Collected data entries:
☆ ☆ ☆ ☆ ☆ ☆ ☆

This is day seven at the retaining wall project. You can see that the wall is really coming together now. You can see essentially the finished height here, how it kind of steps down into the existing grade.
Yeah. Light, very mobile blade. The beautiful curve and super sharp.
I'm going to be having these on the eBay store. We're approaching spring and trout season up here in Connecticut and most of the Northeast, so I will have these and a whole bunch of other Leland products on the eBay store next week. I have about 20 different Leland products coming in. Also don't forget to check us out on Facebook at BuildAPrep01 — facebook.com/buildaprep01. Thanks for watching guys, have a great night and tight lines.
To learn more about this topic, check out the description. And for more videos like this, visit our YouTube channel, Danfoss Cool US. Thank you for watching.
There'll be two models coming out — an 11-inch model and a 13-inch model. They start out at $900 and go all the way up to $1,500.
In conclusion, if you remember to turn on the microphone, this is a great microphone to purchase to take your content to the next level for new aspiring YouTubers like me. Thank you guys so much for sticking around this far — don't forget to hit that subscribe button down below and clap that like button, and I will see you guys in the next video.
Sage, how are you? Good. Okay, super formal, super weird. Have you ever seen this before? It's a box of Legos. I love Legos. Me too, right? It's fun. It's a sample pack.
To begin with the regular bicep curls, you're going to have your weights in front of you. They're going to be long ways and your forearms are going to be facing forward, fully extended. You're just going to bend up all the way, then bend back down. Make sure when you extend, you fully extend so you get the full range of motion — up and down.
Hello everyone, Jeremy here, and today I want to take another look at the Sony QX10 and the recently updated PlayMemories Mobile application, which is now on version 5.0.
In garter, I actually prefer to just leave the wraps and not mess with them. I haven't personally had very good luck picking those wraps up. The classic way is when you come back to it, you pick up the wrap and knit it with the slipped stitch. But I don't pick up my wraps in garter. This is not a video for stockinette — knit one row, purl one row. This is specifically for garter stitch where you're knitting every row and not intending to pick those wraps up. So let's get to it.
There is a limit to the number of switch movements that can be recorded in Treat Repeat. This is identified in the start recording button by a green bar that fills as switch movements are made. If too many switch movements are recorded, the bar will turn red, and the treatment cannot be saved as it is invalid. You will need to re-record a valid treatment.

☆ ☆ ☆ ☆ ☆ ☆ ☆

Problem requirements :: In the entries above, find the line holding "Yeah. Light, very" and the line holding "To learn more"; print both of them and every line between, exactly, and nothing else.

Exercise result ::
Yeah. Light, very mobile blade. The beautiful curve and super sharp.
I'm going to be having these on the eBay store. We're approaching spring and trout season up here in Connecticut and most of the Northeast, so I will have these and a whole bunch of other Leland products on the eBay store next week. I have about 20 different Leland products coming in. Also don't forget to check us out on Facebook at BuildAPrep01 — facebook.com/buildaprep01. Thanks for watching guys, have a great night and tight lines.
To learn more about this topic, check out the description. And for more videos like this, visit our YouTube channel, Danfoss Cool US. Thank you for watching.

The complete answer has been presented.